«Как проводились парламентские реформы в других странах»

Парламентские реформы рассматриваются как ключевой элемент политической модернизации, поскольку они затрагивают баланс ветвей власти, избирательную систему, партийное представительство и механизмы парламентского контроля. В этом контексте особый интерес представляет изучение стран с однопалатными парламентами. По данным Межпарламентского союза почти каждая страна в мире имеет ту или иную форму парламента. Парламентские системы делятся на двухпалатные и однопалатные. Из 188 национальных парламентов в мире 81 являются двухпалатными, а 107 — однопалатными[1]. Однопалатные парламенты, как правило, встречаются в странах с унитарной формой государственного устройства, таких как Новая Зеландия и Люксембург. Их изучение важно для понимания механизмов эффективного законодательного процесса, особенностей распределения полномочий и потенциала для упрощённого, но при этом прозрачного и подотчётного парламентаризма.

В европейских странах парламентские реформы, как правило, проводятся постепенно и опираются на высокую институциональную зрелость политической системы. Эти изменения редко носят радикальный характер и ключевую роль в этом процессе играют  политические партии, а также широкая общественная дискуссия. В частности, Конституция Норвегии является второй по возрасту действующей конституцией в мире[2].

В Норвегии частичная форма двухпалатности была впервые введена в 1814 году. Четверть избранных депутатов парламента должна была заседать в качестве верхней палаты (Лагтингет). Эта модель была упразднена в 2009 году, поскольку верхняя палата нередко характеризовалась как «псевдо-верхняя палата».[3]
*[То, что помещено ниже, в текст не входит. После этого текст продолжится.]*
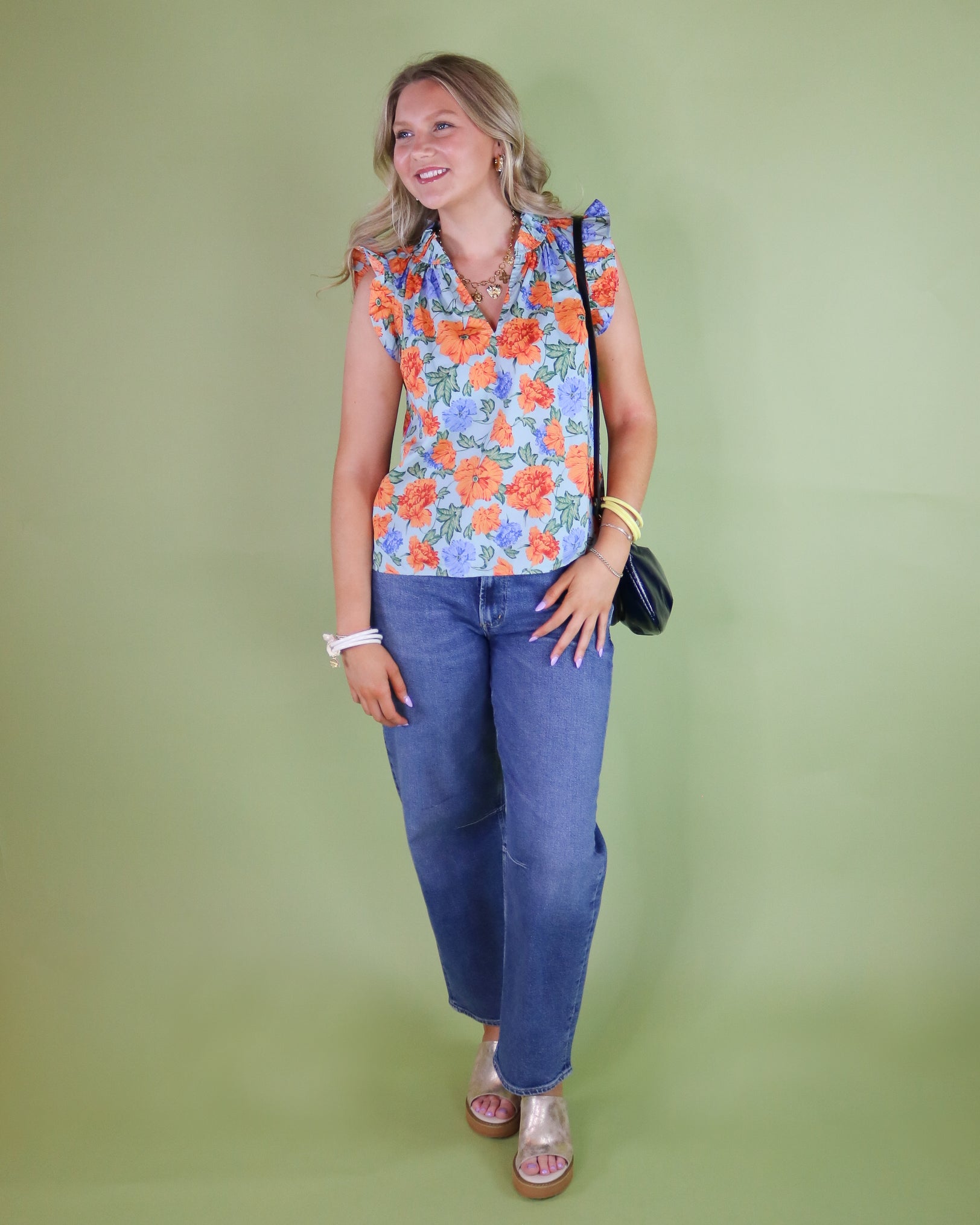 Coral Blooms Blouse - Olive You BoutiqueOLIVE YOU2324262600-687lth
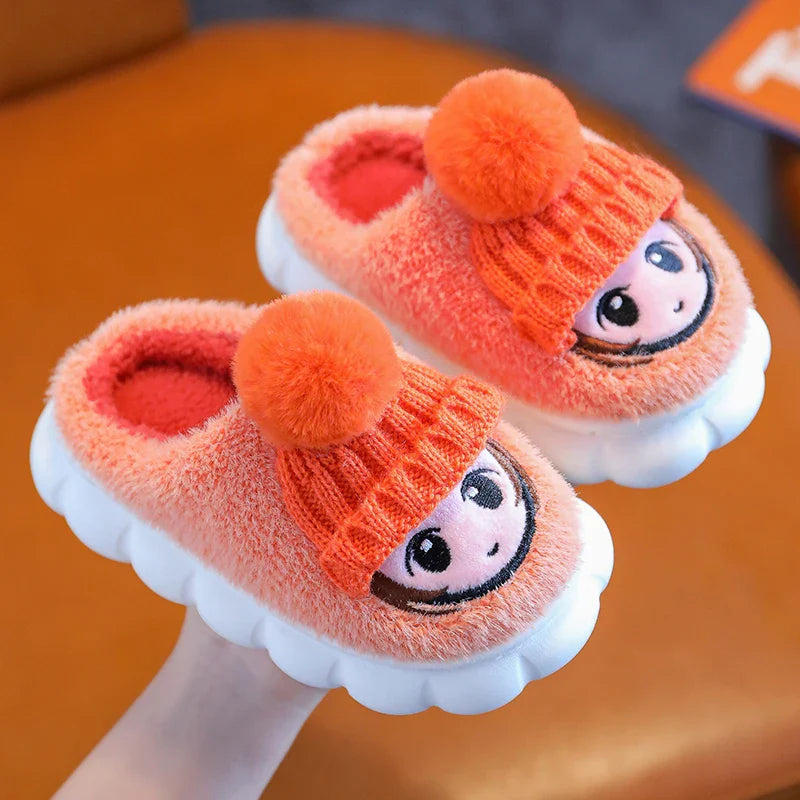 Cartoon Indoor Warm Slippers for Children-2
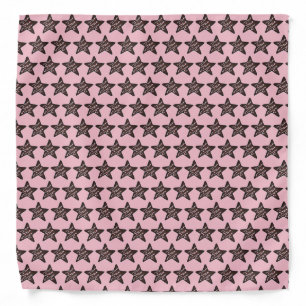 Chocolate Peppermint Star Christmas Holiday Cookie Bandana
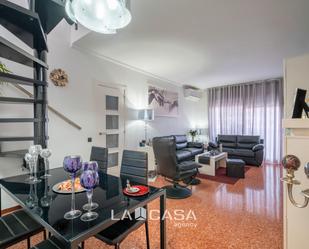 Living room of Attic for sale in  Barcelona Capital  with Heating, Terrace and Storage room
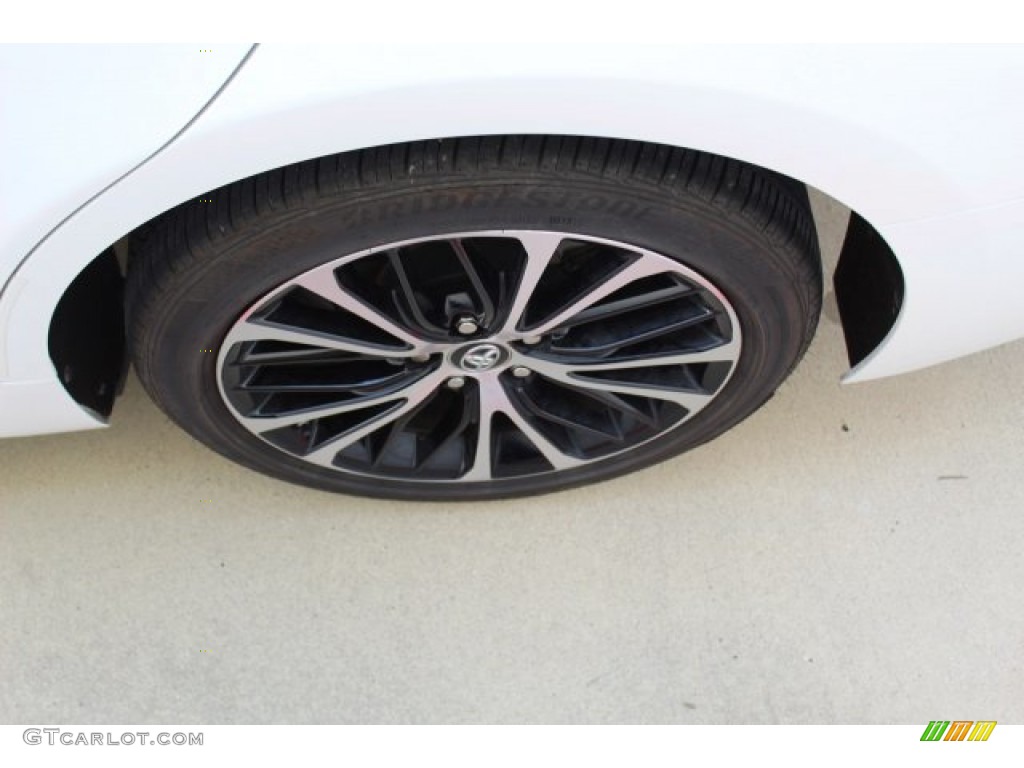 2018 Camry SE - Super White / Black photo #6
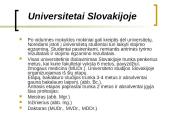 Slovakijos švietimo sistema 14 puslapis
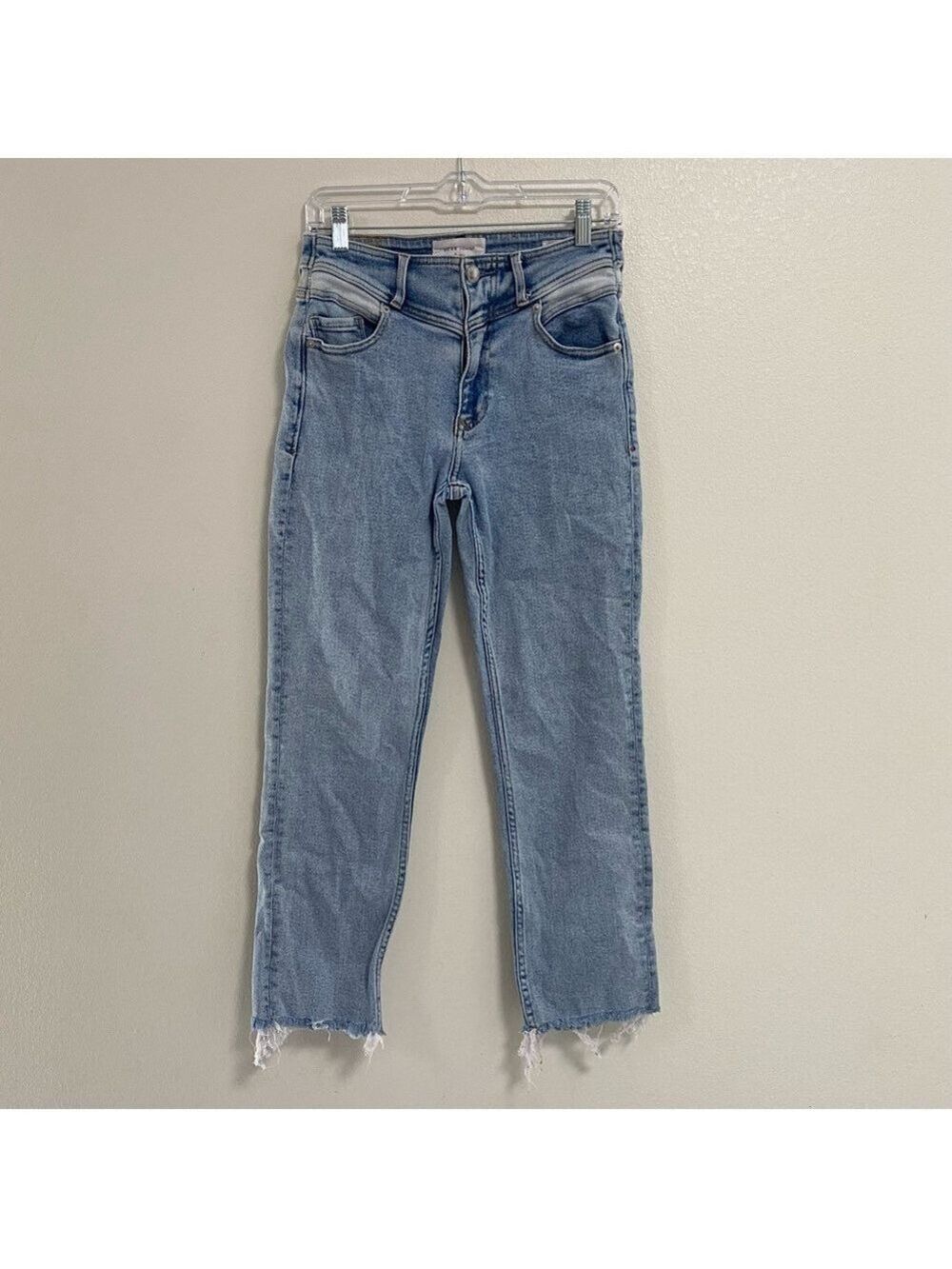 Dear John Jeans Women’s Size 27 Light wash Jodi Straight jeans with frayed hem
Так, деление Национального собрания на две палаты основывалось на стремлении обеспечить более тщательное обсуждение законодательства; ослабление роли верхней палаты — по сравнению с Великобританией и США — частично было продиктовано желанием избежать ситуаций, когда разногласия между палатами приводят к блокированию законодательного процесса, а также особенностями социальной структуры Норвегии.[4]
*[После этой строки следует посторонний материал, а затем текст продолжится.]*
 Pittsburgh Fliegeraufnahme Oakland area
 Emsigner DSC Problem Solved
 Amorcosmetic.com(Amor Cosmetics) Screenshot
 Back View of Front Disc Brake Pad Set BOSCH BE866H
Однако в 2009 году Норвегия официально перешла к однопалатной модели, поскольку разделение на палаты утратило всякое значение. В то время как в традиционных двухпалатных системах обычно существует различие в распределении власти между палатами, норвежская модель была устроена таким образом, что баланс сил в обеих палатах полностью отражал баланс сил в парламенте. Как и в других странах Северной Европы, в Норвегии действует ряд парламентских комитетов, каждый из которых отвечает за свою сферу и готовит вопросы для пленарных заседаний — при этом партийное представительство в них также пропорционально. Практическим последствием этого стало то, что все политические споры фактически завершались ещё до того, как законопроект попадал в Лагтингет: сначала на уровне комитетов, затем в Одделстингете. В результате Лагтингет утратил всякое реальное влияние. Если член комитета одновременно входил в Лагтингет, он фактически исключался из участия в пленарных дебатах, где обладал бы наибольшей экспертизой и интересом к рассматриваемому вопросу, поскольку заседания верхней палаты проходили без каких-либо обсуждений или голосований.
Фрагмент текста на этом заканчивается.